But that derive is going to have to decide what kind of Future to return -- and it needs to be some sort of dynamically dispatched future type. So what does it use? We have to specify that too, since there is no one canonical "dyn future" type anymore. dyn* addresses this question.

We could of course have a "standard derive" that everybody uses, but at that point, we've kind of recreated dyn*. What's more, we have to solve some other questions like how to manage things that are potentially send or combinations of other trait, upcasting, etc.

I would definitely like to go in that direction, but I think in the end we are still going to want some default, easy to use option like dyn*. And dyn* is really quite general -- the only constraint that you have is that the underlying data has to be pointer-sized (and you have to have SOME fixed size or it just can't be compiled, so that limitation is inherent). It works with every kind of pointer type and can express a lot of bounds and protocols.

One other point is that I personally would love to ship something this year, and I don't see us shipping a complete, usable, and ergonomic solution if we have to start by adding (e.g) associated traits and other functionality (to accommodate things like dyn* Future + Send + Sync + Copy).

It's true that we have fewer lifetime parameters, but as I wrote before, so does dyn. You have the same problem with dyn today by adding another layer of indirection.

Fundamentally the problem with this trait...

trait NonStaticAny {
    fn type_id(&self) -> TypeId where Self : 'static;
}

...is that it could not be implemented (or at least not used) for &impl NonStaticAny.

This is what I was getting at in the design when I talked about the need to have impls for pointer types: dyn* works well if you have such impls available (and indeed most code would like them to be available, it's annoying when they are not).

Right now, you can express things like &dyn Foo where &impl Foo doesn't implement the trait. That is a win in expressiveness for Foo, but I would argue it's kind of anti-pattern, and it's not very "object-friendly". In other words, dyn* asks for a bit more regularity from implementors but in turn makes a lot more traits work; dyn can accommodate edge cases but as a result works less well overall.

Ah, true, I totally missed that aspect!

So the goal of dyn* to erase the underlying pointer type, which is useful for many reasons. To do that you need to be able to speak in terms of what the pointer type can do rather than what it is. This is why I think "trait views" seem like the right abstraction.

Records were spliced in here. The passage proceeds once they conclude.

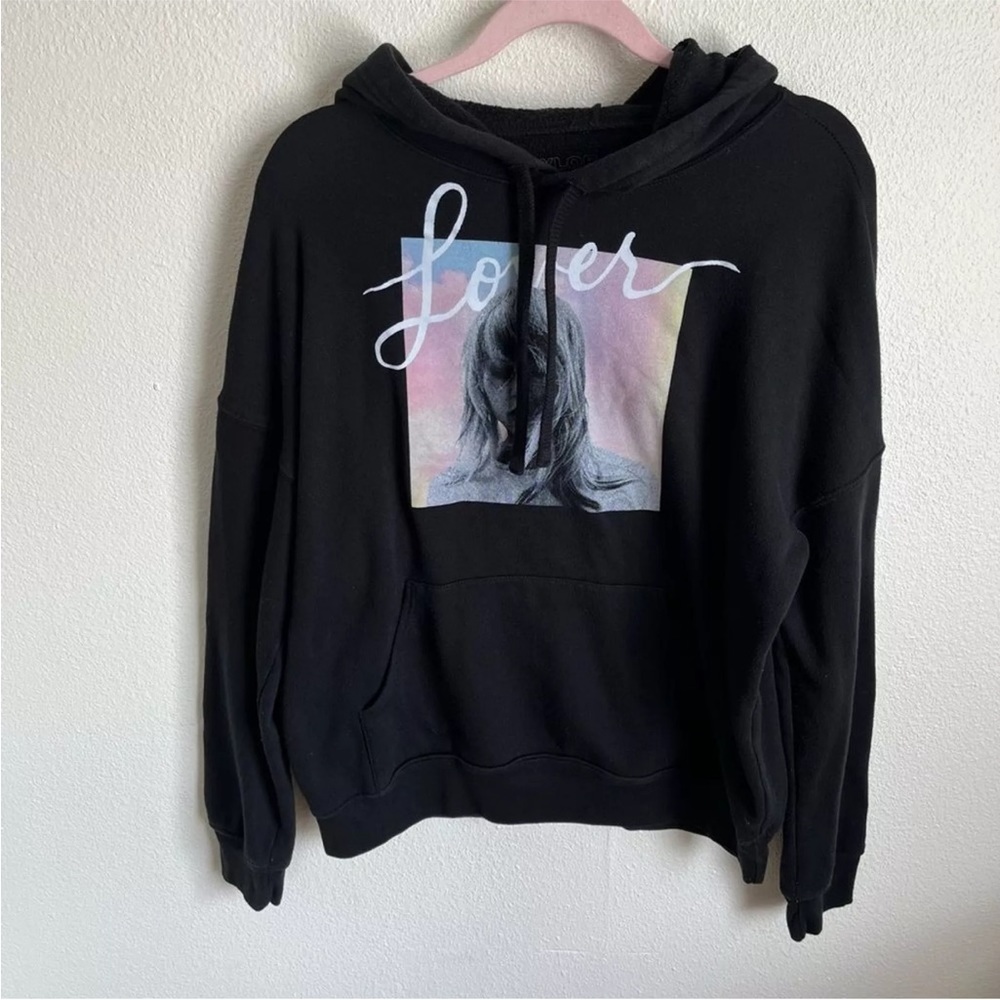 Taylor Swift / Lover Hoodie in Black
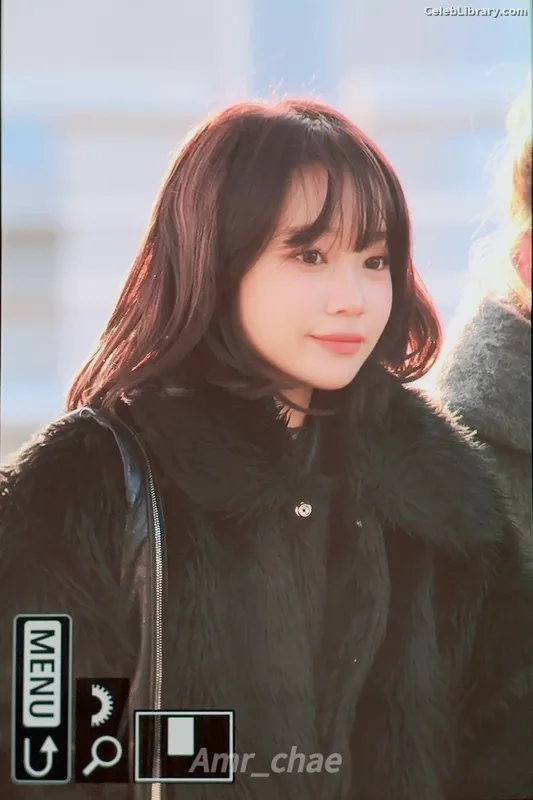 Kim Chaewon 김채원 [Le Sserafim] photo 17 of 2310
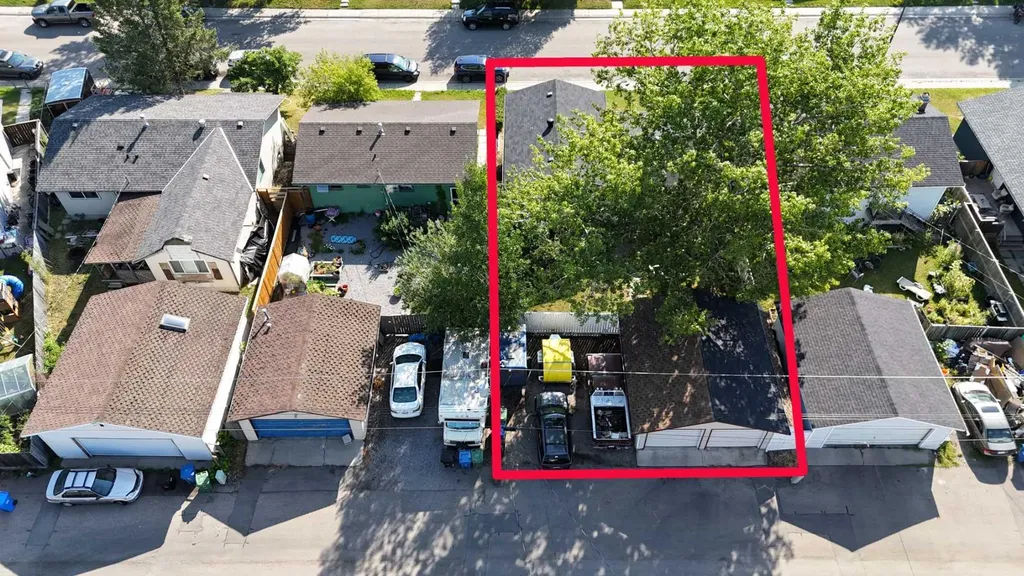 6151 Penworth Road SE Calgary AB T2A 4J9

The syntax has other benefits in that dyn* Foo can call all methods of Foo. This implies that it can only be created from a pinned pointer if any method requires Pin<&mut Self>, for instance. This means that instead of building up your capabilities by explicitly talking about Pin, you relax capabilities with &/&mut syntax in the same way that it works for most method signatures.^[1]

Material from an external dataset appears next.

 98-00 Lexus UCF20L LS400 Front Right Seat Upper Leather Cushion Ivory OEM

You could imagine a world where dyn &Trait desugars to exists<T> dyn Deref<Target = T> where T: Trait, or something like that. An earlier version of this proposal took an approach that looked more like this. But now it takes a different approach, which is to remove Deref from the core feature entirely and offload that to the impl of the trait on the pointer type.^[2]

1. This raises questions about whether we also need syntax for dyn* pointers without the ability to call methods with other self types like Pin, Rc etc. I'm currently of the opinion that if you get into a situation like this you might just want to split your trait – these special self types are pretty uncommon, and in my experience most of them those are "core" methods of the trait you are calling, not auxiliary methods you could do without. But I could be convinced otherwise if there are examples where this isn't feasible. ↩︎

2. There are still some implementation-level questions I want to work through with this approach. But it is elegant in the sense that it's easy to express and adds the ability to make it possible to use dyn* with pointer-sized types that aren't pointers. ↩︎

I'd like to re bring up again my work on the storage API (current repo here); I believe it's possible to implement dyn* Trait as Box<dyn Trait, DynStorage>, and am actively working towards that goal.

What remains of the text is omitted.